Sementara itu Pimpinan pondok pesantren Nuhiyah Pambusuang, Annangguru Bisri dalam sambutannya, sangat mengapresiasi kegiatan penammatan tahun ini, Beliau kembali memberikan keberadaan pesantren Nuhiyah sebagai pesantren tertua yang ada di Sulawesi Barat, yang telah banyak memberikan kontribusi keilmuan kepada masyarakat, dan banyak melahirkan ulama-ulama besar khususnya di daerah Sulawesi Barat, seperti Imam lapeo, Annangguru Saleh, dan ulama-ulama besar lainnya.
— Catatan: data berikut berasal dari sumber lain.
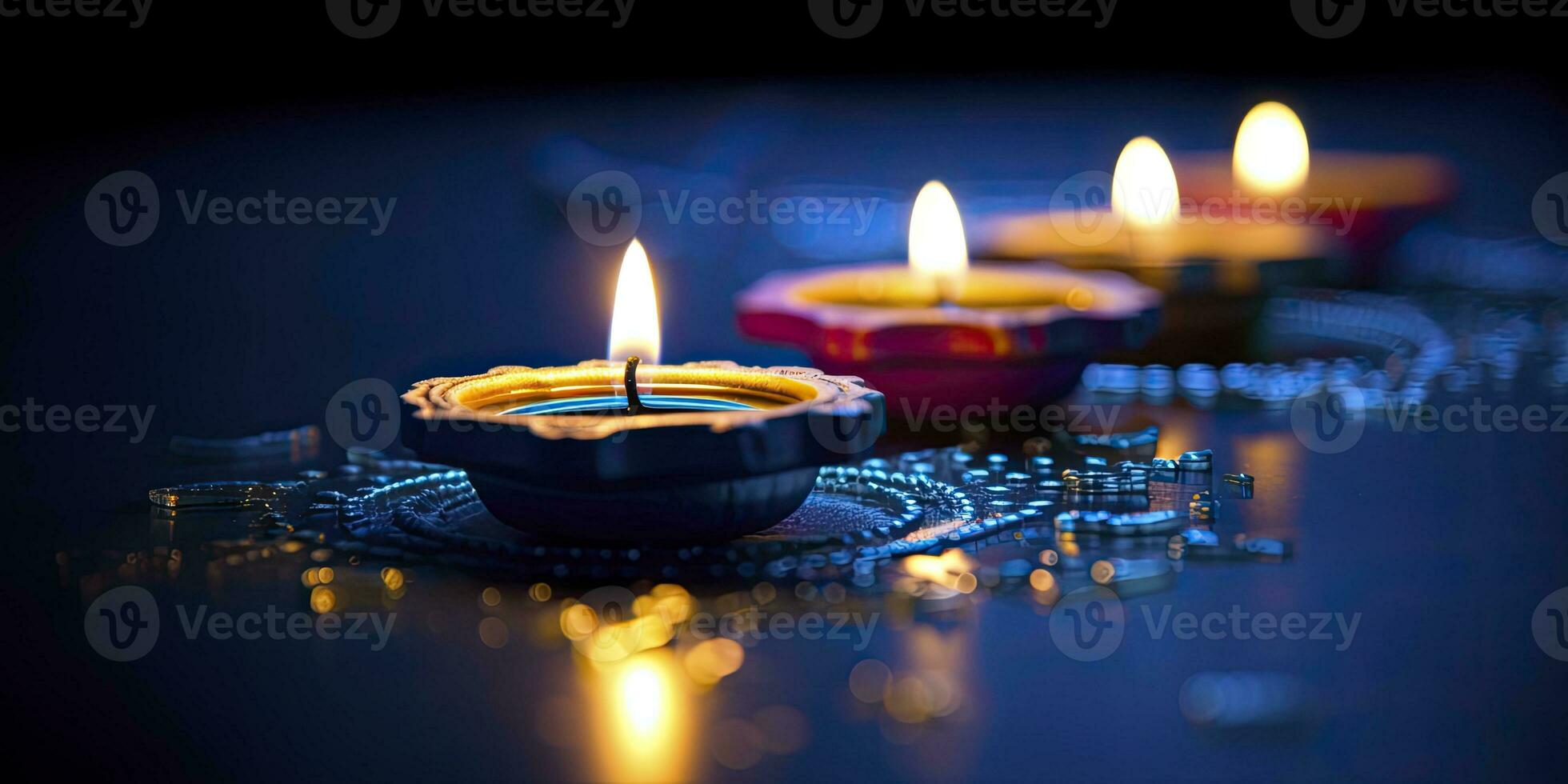 AI generated Happy Diwali. Diya oil lamps were lit during the celebration. AI Generated photo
Beliau juga memberikan  dorongan atau semangat kepada para alumni, untuk tetap melanjutkan pendidikannya ke jenjang yang lebih tinggi.

Ketua komisi 1 DPRD Sulawesi Barat Bapak Syamsul Samad juga turut memberikan testimoni terkait pendidikan pesantren yang merupakan lembaga yang sangat punya  kontribusi terhadap keberadaan negara ini, alumni-alumni pesantren khususnya alumni Nuhiyah banyak mewarnai atau memberikan sumbangan pemikiran-pemikiran terhadap kemajuan dalam berbagai segi pembangunan di daerah, khususnya Polewali Mandar dan umumnya Sulawesi Barat.

Lebih lanjut Bapak Syamsul Samad, menjajinkan kepada pondok pesantren Nuhiyah memberikan bantuan setiap tahunnya, bantuan berupa biaya keseharian di pondok pesantren,dan akan membantu satu orang santri untuk membiayai pendidikannya sampai selesai di perguruan tinggi.

Sementara itu kepala KUA kecamatan Balanipa, Bapak Ustadz Da'amin , S. Ag. turut memberikan sambutan, mewakilih Ka kemenag Polewali Mandar, kepala KUA ini, sangat piawai dalam memberikan nasehat-nasehat dalam bahasa mandar klasik, turut mendorong kepada para alumni untuk sabar dalam menuntut, terutama dalam melanjutkan pendidikannya ke perguruan tinggi.

Doa diampuh oleh ketua MUI kabupaten Polewali Mandar KH Abd Syahid Rasyid, sebelum dibacakan doa, Kiai Syahid yang merupakan panggilan akrab beliau, sempat memberikan testimoni tentang kiai-kiai yang punya peran peran yang besar dalam pendidikan baca kitab kuning di Pambusuang, salah satu Kiai yg punya catatan besar dalam pembinaan bacaan kitab di Pambusuang adalah KH Abdurrahman Fattah atau Annangguru Mamang yang juga mantan pimpinan pondok pesantren Nuhiyah Pambusuang, yang seluruh kadernya hari ini, banyak menghiasi dalam dunia keulamaan di kab Polewali Mandar, diantaranya KH Abd Syahid Rasyid, Annangguru Bisri, Annangguru Munu Kamaludin, Annangguru Rasyid Aziz dan masih banyak Annangguru lainnya.

Diakhir acara diadakan silaturrahim dan foto-foto bersama dengan para santri yang sudah menjadi pesantren Nuhiyah Pambusuang.